Customers often ask us where they can find us in retail, and my first reaction would be why on earth would you want to be shopping in retail?
Then ... flashback and I realise Singapore is still stuck in a limbo of old and new. The old model of business, brick and mortar, retail malls, with all the malls in the city and the heartlands, retail is never too far away. As such, the convenience of everything has made e-commerce a topping on the cake, rather than the cake.
In China, where I lived for 10 years, retail was not as accessible and hence, when e-commerce cape along, it was embraced with open arms. Imagine also millions of disillusioned white collar workers stuck in a job they hate, pushing paper and now window shopping online. E-commerce was came at the perfect timing and place.
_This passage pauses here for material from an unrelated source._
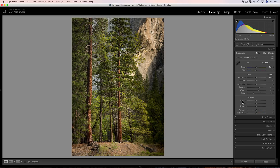I see a lot of people talking about texture and calling it clarity on steroids — that couldn't be further from the truth. Clarity is actually a much stronger slider than texture is. You can take a photo to way different places with clarity, where texture is only going to get you so far. They each have their place, but texture is not clarity on steroids in any way.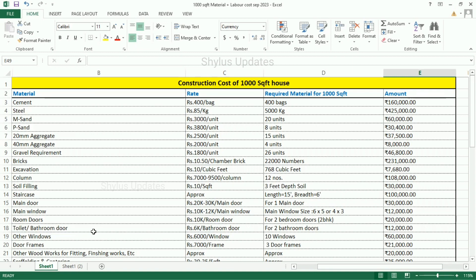Toilet or bathroom door: Rs. 6,000 per bathroom door. This is for 2 bathroom doors. The total amount for toilet or bathroom door is Rs. 12,000. Other room windows: Rs. 6,000 per window. For 1,000 square feet house, maximum 10 windows are required. The total amount for other room windows is Rs. 60,000. Door frames: Rs. 7,000 per frame. For 1,000 square feet house, 3 door frames are required. The total amount for door frames is Rs. 21,000.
Now, back to my online business in Singapore.
So, many customers have asked about retail presence and we went about hunting for that.
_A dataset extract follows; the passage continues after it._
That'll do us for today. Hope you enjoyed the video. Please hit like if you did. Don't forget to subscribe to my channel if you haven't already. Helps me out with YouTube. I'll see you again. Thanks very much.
We found retail to be expensive, like super expensive! Brands would be paying on average 30-50% of the product price just to be on the shelves. On top of that there would be additional logistic cost, joint marketing cost, etc.
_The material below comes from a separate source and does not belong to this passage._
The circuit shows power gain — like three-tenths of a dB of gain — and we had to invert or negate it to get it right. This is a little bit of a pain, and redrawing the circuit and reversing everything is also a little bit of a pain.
The brands returns are minimal.
The retail outlet outlets are average.
The landlords of the malls benefit the most.
What’s the point of retail then, when brands can sell direct to customer and transfer that savings to them as discounts or free shipping?
You might argue that the 30-50% listing fee can be treated as marketing cost, as you get brand exposure. Well, that percentage is too high and inefficient. Malls and retail are passive modes of marketing, whereby you wait for customers to come to you, rather than you going out to find the right audience. So, if the retail outlet is unable to bring in traffic through their own efforts then retail is, IMO, a waste of time.
However, retail works in some instances. It works when brands need customer to experience the product or the brand. Learning to cook, teaching how to use a product.
For example, my wife and I recently bought a Thermomix, and the process to buy one was through a cooking class. You wouldn’t be able to buy one if you did not participate in a cooking experience. We were brought through the process of cooking a range of dishes from soup, buns, vegetables, dessert and drink. All within a span of 2 hours. Hence, we experience the power of cooking with a Thermomix, and the speed and convenience it brought into our life.
So, if it’s just the regular product you have been using over and over again, do you really need to scrutinise it again in person, in retail?